What to do If Someone Wants to Buy Your Business
Forbes’ recent article entitled, “What Should You Do When You Receive An Unsolicited Offer For Your Company?” suggests that it’s important to follow a structured three-step process to make certain you make the right decision and get the most successful outcome.
Is it the right time to sell? You need to see if this is the right time to sell your business. Examine your company and your personal readiness. Determine if the business is performing at a high level and is poised for rapid future growth. Look for any unaddressed issues that might harm value. On the personal side, think about whether you know how much you need to receive to fulfill your financial obligations and secure your future. It is also important to make sure that you have done needed tax and estate planning, so that you do not overpay taxes.

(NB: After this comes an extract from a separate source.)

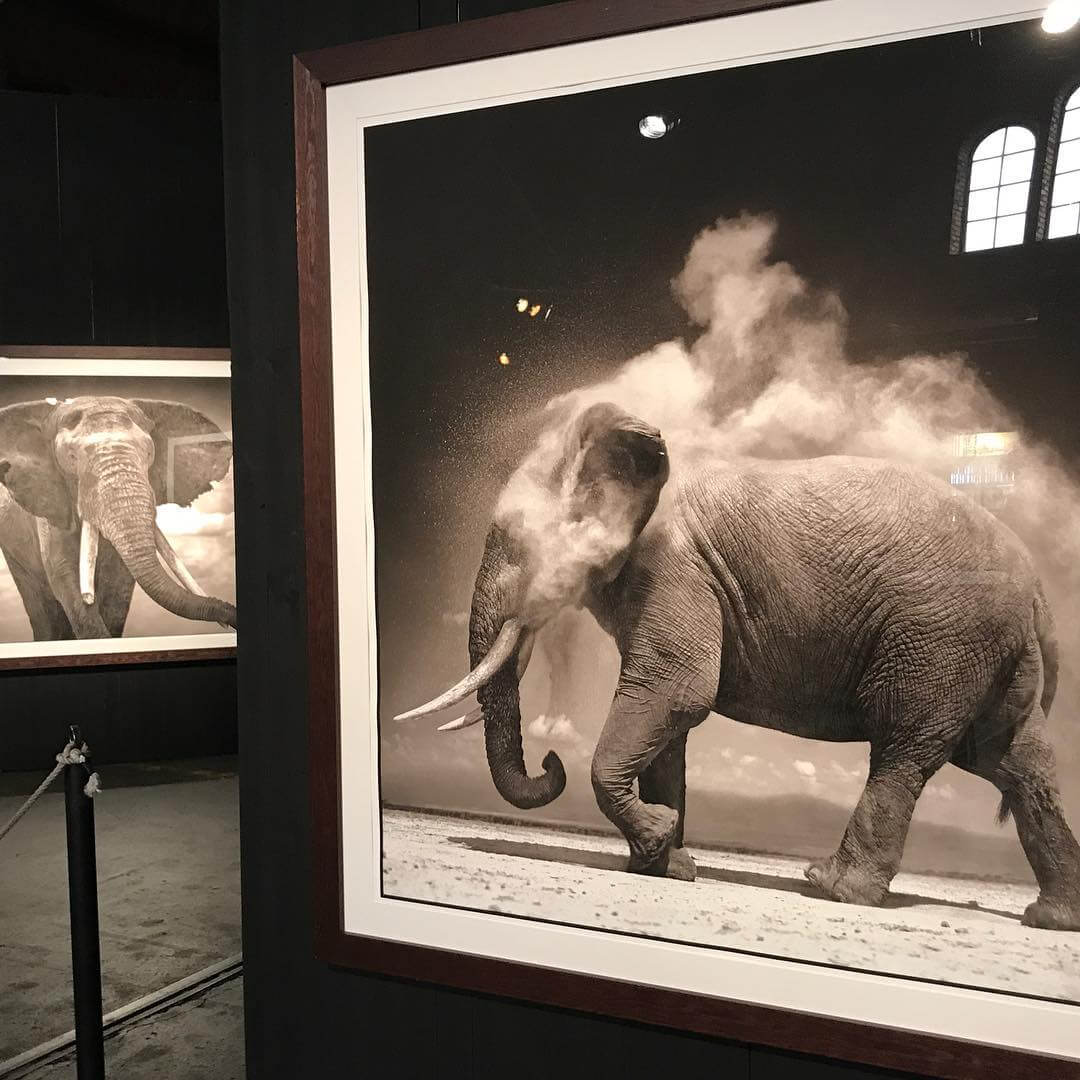 Nick Brandt på Magasinet i Falun. Magiska bilder. Pågår till 27/8 så du hinner dit och uppleva - 1502544501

Is it the right buyer? If you are still thinking about selling, next determine if this is the right buyer. Think about what they will do with your company after the acquisition, and whether they will retain your staff or combine it with other operations. Will you have an ongoing role? You must also determine if the buyer will pay the best price and whether it is all cash or if you will retain equity in your company or the buyer’s company. You should also ask if there are earn-outs that depend on the future performance. Almost always, you want to be paid cash. In other words, if the purchase has to be financed by the buyer, you want a bank to finance the sale. If you are financing the sale, this is much more risky. You have to make very certain that this is the right buyer, because the value of your business (and your security) will be at stake. You’ll also want to price in a life insurance policy on the life of the new owner (and get the new owner to pay for it as part of the purchase price), plus many other things, including security on the buyer’s other assets (just like a bank would require, since you are the bank).

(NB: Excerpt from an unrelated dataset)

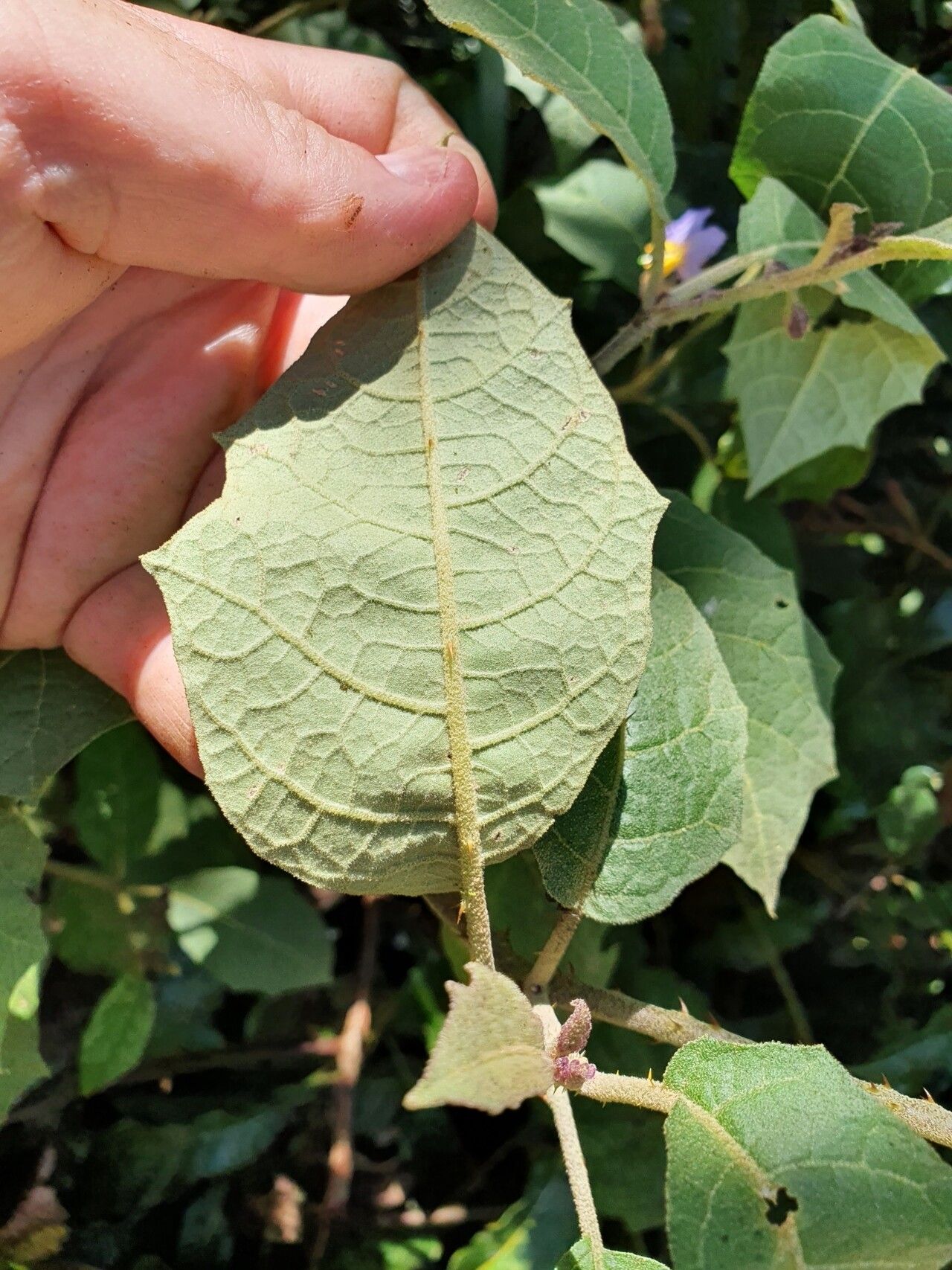 Solanum hamulosum — houseplant care guide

Do you have a strong advisory team? Smart business owners prefer to use an experienced business transactional attorney, preferably one well versed in tax law. You are going to want to know the full tax impact of the sale. After all, you will have to pay capital gains taxes, and probably taxes on income classified as ordinary income as well. You need to know the net after tax cash flow of the sales price paid (in a lump sum or over time), versus the net after tax cash flow of the business itself. Your tax attorney will work closely with your CPA to determine this after tax cash flow. Also, because the buyer will likely want to do an asset sale for tax purposes (as opposed to a stock sale for tax purposes), you will want to price certain assets as certain values to minimize your taxes. The buyer will want certain concessions to maximize their future depreciation, and thus, their after tax cash flow. It can be a delicate balancing act, and this is no venue for amateurs.
Further, an inexperienced deal lawyer may negotiate hard on terms to “prove value,” which may, in effect, only obstruct the deal. If your attorney does not have the right bedside manner, he or she could make the deal go south. That is, an inexperienced lawyer could make you hold fast on terms the buyer needs to get the deal done. An experienced tax and transactional attorney can also frequently move to a good deal in less time by clearly setting parameters and getting buy-in on early drafts rather than a continuing series of drafts back and forth. Choose wisely.
Reference: Forbes (May 11, 2021) “What Should You Do When You Receive An Unsolicited Offer For Your Company?”